Among the entries below, copy only the span from the line containing "Then to get" through the line containing "There is one". Do so exactly, and skip the pictures.

■ Given information ■
===

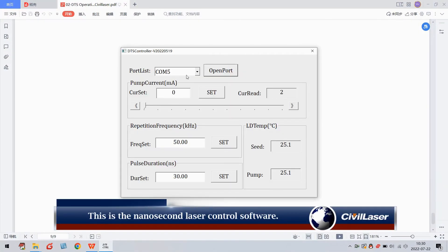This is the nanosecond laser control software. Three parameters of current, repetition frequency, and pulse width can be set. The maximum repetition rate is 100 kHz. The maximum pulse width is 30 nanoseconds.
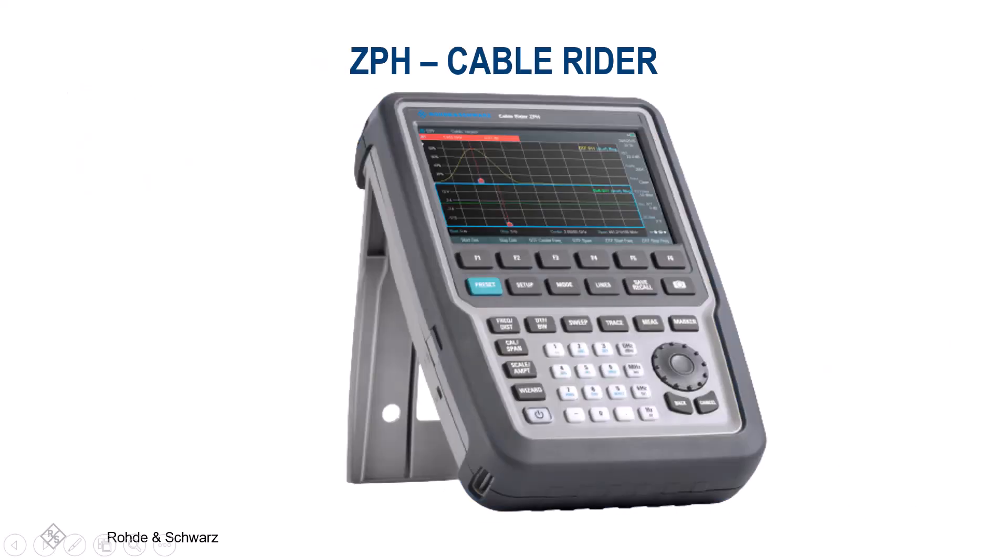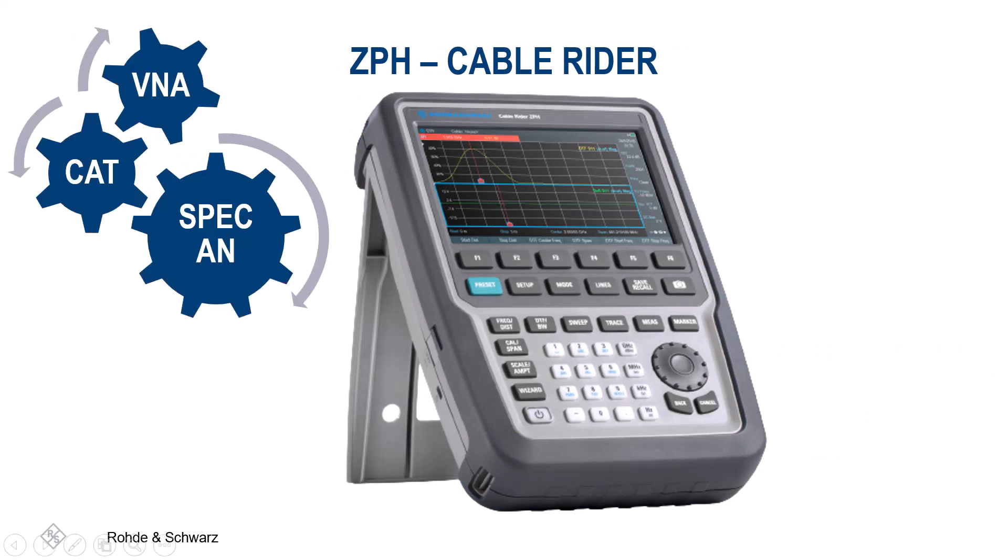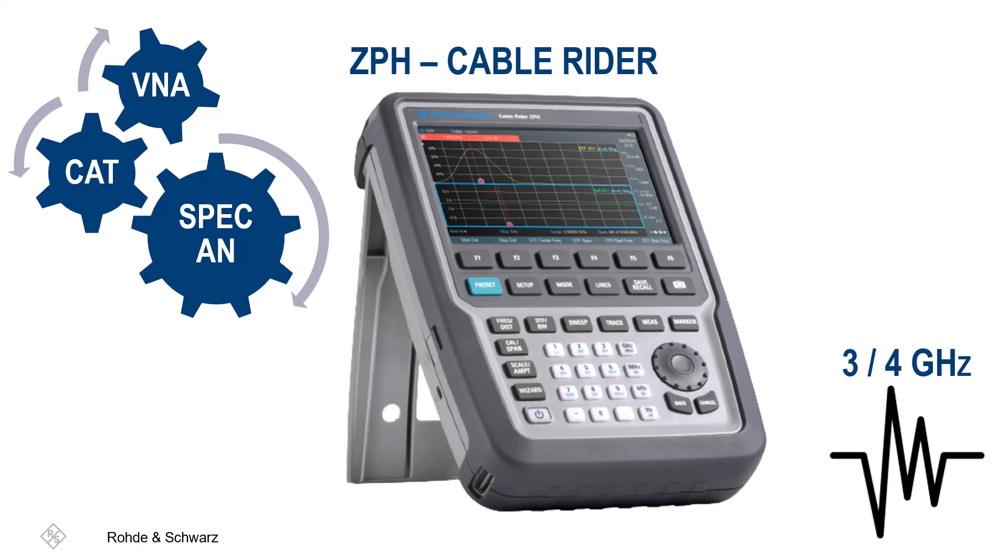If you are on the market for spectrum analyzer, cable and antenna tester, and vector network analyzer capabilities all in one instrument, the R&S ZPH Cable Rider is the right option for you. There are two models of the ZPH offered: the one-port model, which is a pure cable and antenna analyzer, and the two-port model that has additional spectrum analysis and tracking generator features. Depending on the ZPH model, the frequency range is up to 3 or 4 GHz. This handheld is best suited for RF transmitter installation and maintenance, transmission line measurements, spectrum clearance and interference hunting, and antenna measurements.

===

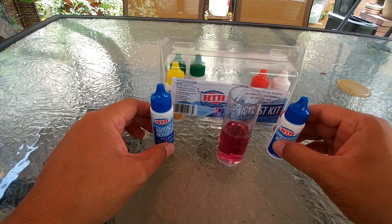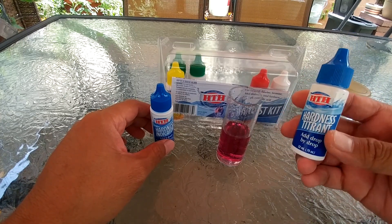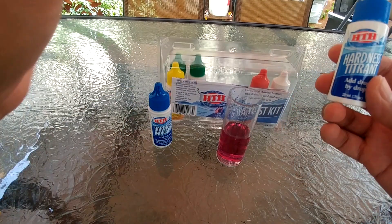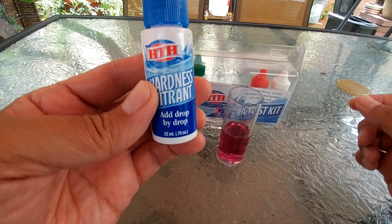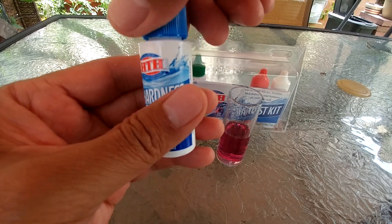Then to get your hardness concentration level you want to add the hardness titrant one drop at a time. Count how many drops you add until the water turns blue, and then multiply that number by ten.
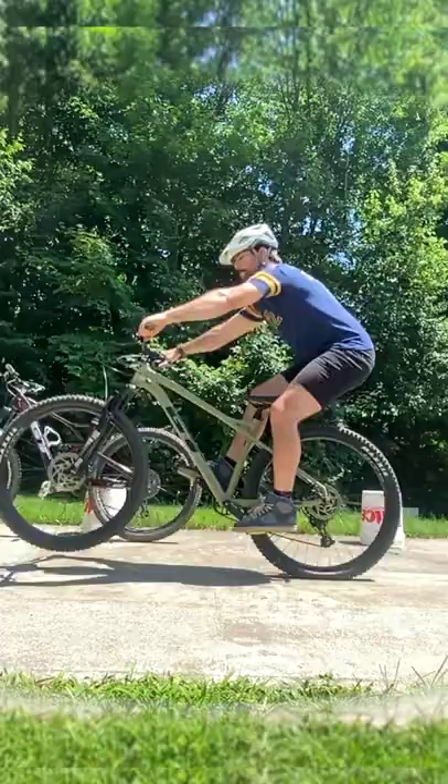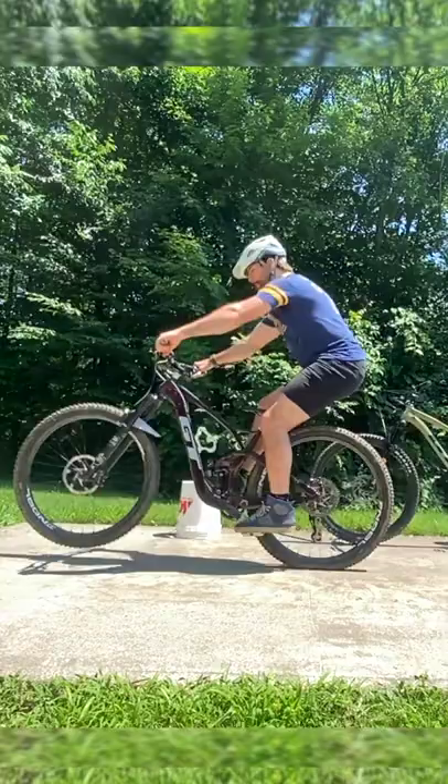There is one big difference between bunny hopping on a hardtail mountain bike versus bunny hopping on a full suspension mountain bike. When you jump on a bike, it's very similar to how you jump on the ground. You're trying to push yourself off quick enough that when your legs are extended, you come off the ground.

===

■ Result for this task ■
Then to get your hardness concentration level you want to add the hardness titrant one drop at a time. Count how many drops you add until the water turns blue, and then multiply that number by ten.
There is one big difference between bunny hopping on a hardtail mountain bike versus bunny hopping on a full suspension mountain bike. When you jump on a bike, it's very similar to how you jump on the ground. You're trying to push yourself off quick enough that when your legs are extended, you come off the ground.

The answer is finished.